It is a question of debate whether it is actually a symbol of power of the last ruler of the Aztecs. A commission of experts set up by the Austrian government maintained that the crown was part of a priest's clothing worn for ritual purposes. In the 16th century hundreds of similar objects are reported to have been brought to Europe, but only the 'Plume of Feathers' - in Spanish 'Penacho' - has been preserved. Together with four further Mexican feather mosaic pieces, it is one of the last examples of the pre-Columbian feather craft in existence. Even without any mystic connotations, the director of the Museum for Anthropology, Christian Feest, holds the feather headdress to be a "(...) unique document for the observer of today both of the old America and of the new Europe of the 16th century, which latter ousted the indigenous cultures from their rule over the New World, banning them to the rare world of miracle chambers".
The history of the Penacho can be traced back to this world of the miracle chambers. As part of the great art collections of the Archduke Ferdinand II the feather headdress was incorrectly registered in an inventory of 1596 as 'a Moorish hat' - a headdress of Moorish origin.
The House of Habsburg bought a part of the cabinets known as the 'Ambraser Collection' and so the Penacho entered into Habsburg ownership.

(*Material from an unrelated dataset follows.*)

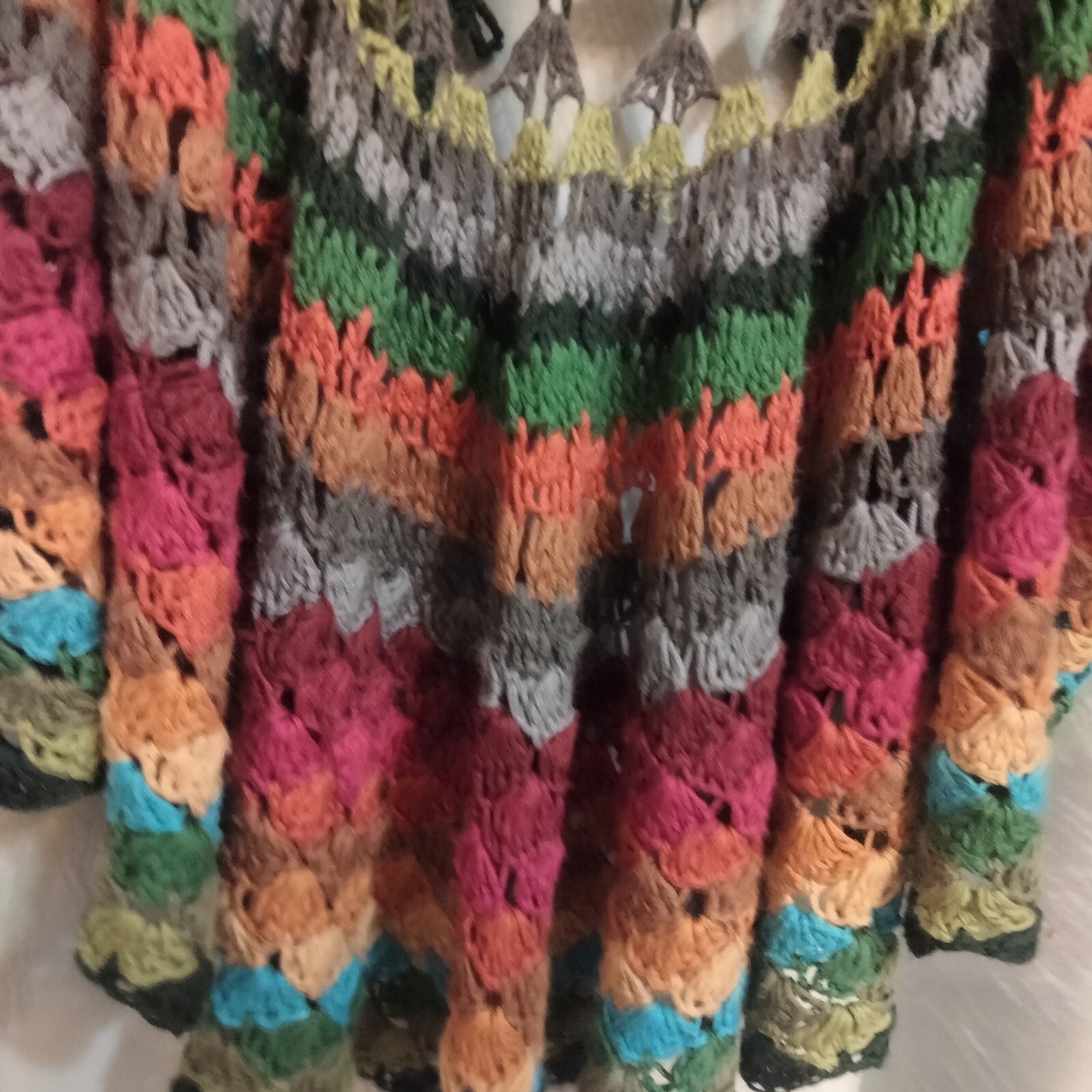 Women's Crochet Colorful Maxi Sweater Small - image 4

The custodian of the ethnographic department of the Royal and Imperial Museum of Natural History in Vienna found the headdress during a review of the collection in 1878 folded and moth-eaten in the corner of a wall cabinet
In Austria there are no doubts that the object was obtained absolutely legally and this is the basis for the refusal to return it. And Christian Feest sees the ownership of the Ancient Mexican objects as perfectly incontestable. "Today the Republic of Austria is the administrator of this inalienable cultural heritage of Austria. As such it is part of the World Cultural Heritage. It is our duty to safeguard it and maintain it." Speaking to the foreign policy committee of the Austrian parliament, Feest declared that it was necessary to "hold to the staying power of history" against the purely political debate in Mexico. The official claim of the museum foundation for the crown of feathers is: "It has been in Austria longer than it was ever in Mexico and it is just as much an artefact of European tradition."

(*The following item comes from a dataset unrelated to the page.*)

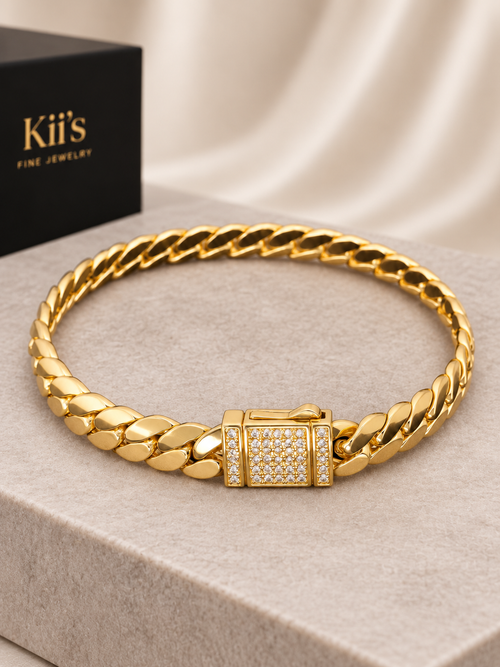 14K Gold Filled Iced-Clasp Cuban Bracelet - Kii's Fine Jewelry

Nevertheless critical voices are on the increase in Austria in favour of a return of the crown of feathers to Mexico on moral grounds. In order not to call in question the legal claims, there have been many occasions when attempts have been made to promote the idea that the feather headdress of such symbolic importance be returned as a gift.
"For Mexico this gift is of immeasurable significance, for us only the sacrifice of a few feathers", said Rudolf Burger, Rector of the Vienna Academy of Arts back in 1996. In the same year, the then Federal President, Thomas Klestil, spoke in favour of the return of all unlawfully acquired cultural assets from Austrian museums on the occasion of the Austrian millennium. In this context he also planned to hand over the feather headdress as a sign of gratitude for the fact that Mexico was the first country to protest in the League of Nations against the annexation of Austria by the Nazi regime in 1938. There was massive criticism from the politicians and the directors of museums. "If we were to start on this - what would the Austrians have left to exhibit? Cow bells?" commented Elisabeth Gehrer, then Minister for Education and Cultural Affairs, when asked to comment on the suggestion of the Federal President. The fear was widespread in the world of the museum specialists that the return of the headdress could set a precedent.

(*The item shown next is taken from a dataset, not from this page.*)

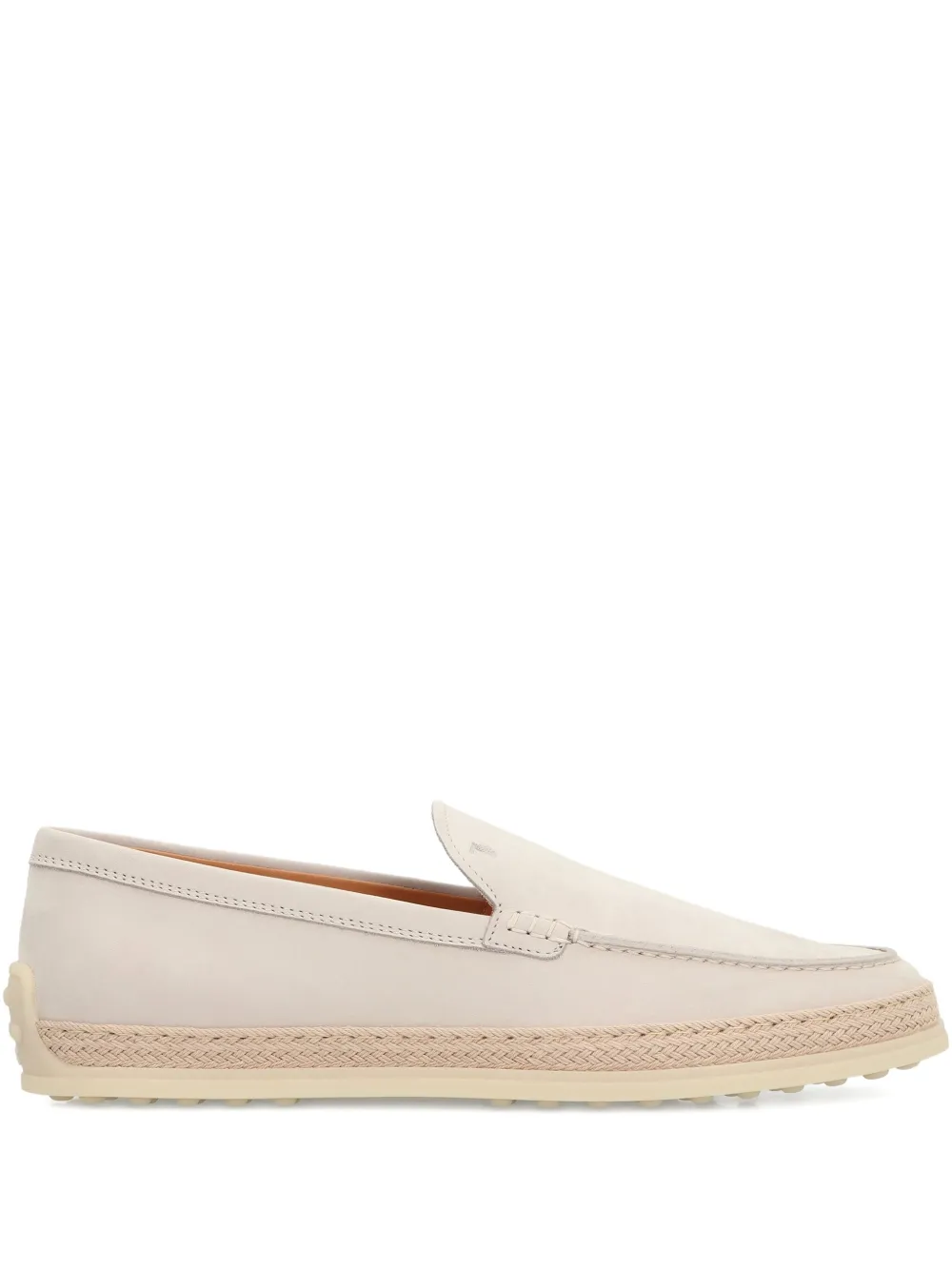 Tod's Leather Rope-trimmed-sole Loafers In Neutral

In the jubilee year 2005 an official application was made in the Austrian parliament concerning the return of the crown of feathers - and was deferred for an unlimited period. Since March 2007 a new application for a decision has been made. "It is not a question of restitution in the legal sense, as the crown of feathers entered into Austrian ownership quite legally according to all the documents available to us. Rather it is an act of friendship and gratitude", emphasised Wolfgang Zinggl, parliamentary representative of the Green Party. He is in favour of returning the headdress as such a mythological significant object can fulfil far more functions than in Austria "where it is simply one ethnological treasure among many."
A suitable occasion presents itself already, as 2008 will be another anniversary of the 1938 event.